- Records provided:
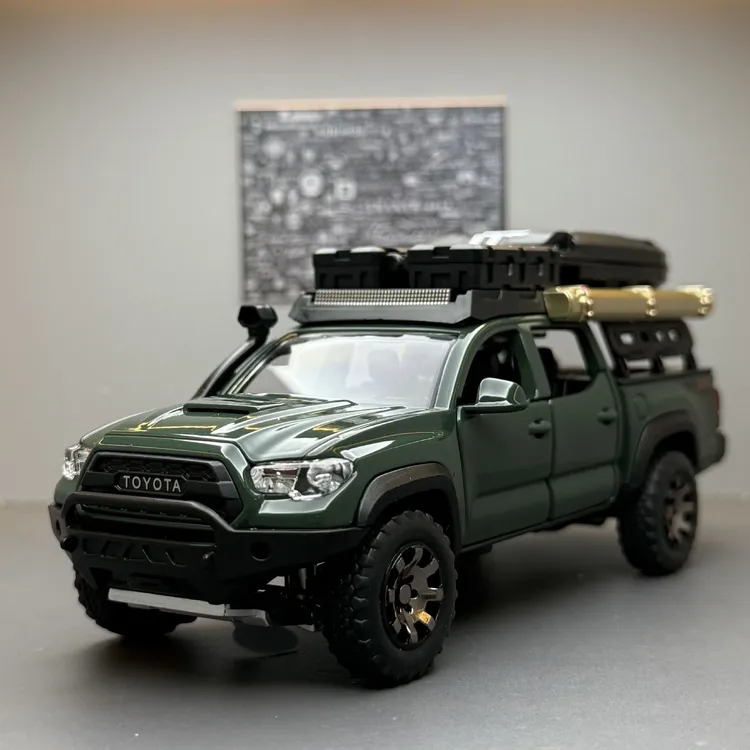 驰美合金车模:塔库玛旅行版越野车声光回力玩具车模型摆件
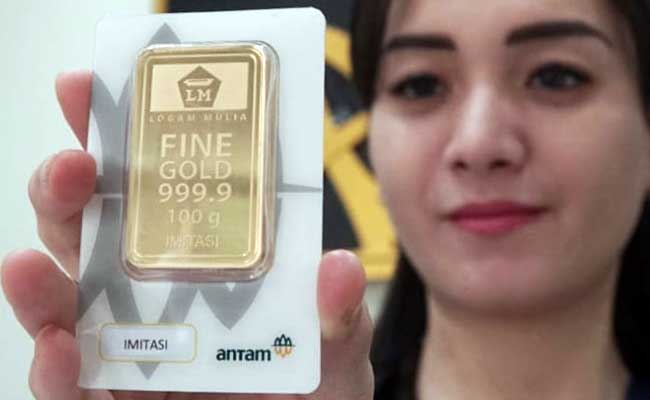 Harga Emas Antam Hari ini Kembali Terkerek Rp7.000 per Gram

...

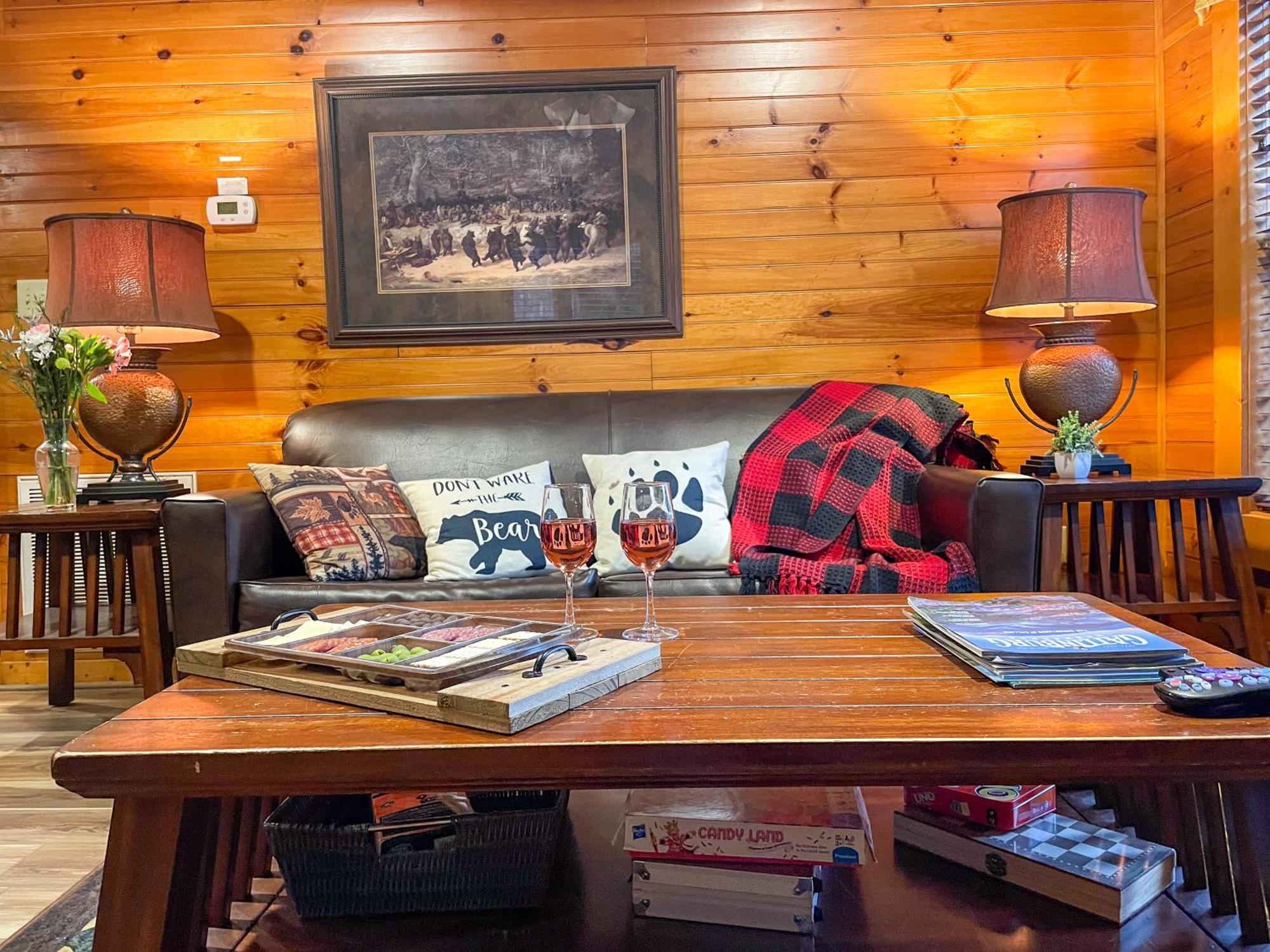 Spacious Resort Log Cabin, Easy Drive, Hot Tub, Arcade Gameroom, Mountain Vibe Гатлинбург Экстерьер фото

- Goal of the exercise: Print, exactly, each line above from the one with "驰美合金车模:塔库玛旅行版越野车声光回力玩具车模型摆件" to the one with "Harga Emas Antam", end lines included. Leave pictures out of it.

- Solved problem:
 驰美合金车模:塔库玛旅行版越野车声光回力玩具车模型摆件
 Harga Emas Antam Hari ini Kembali Terkerek Rp7.000 per Gram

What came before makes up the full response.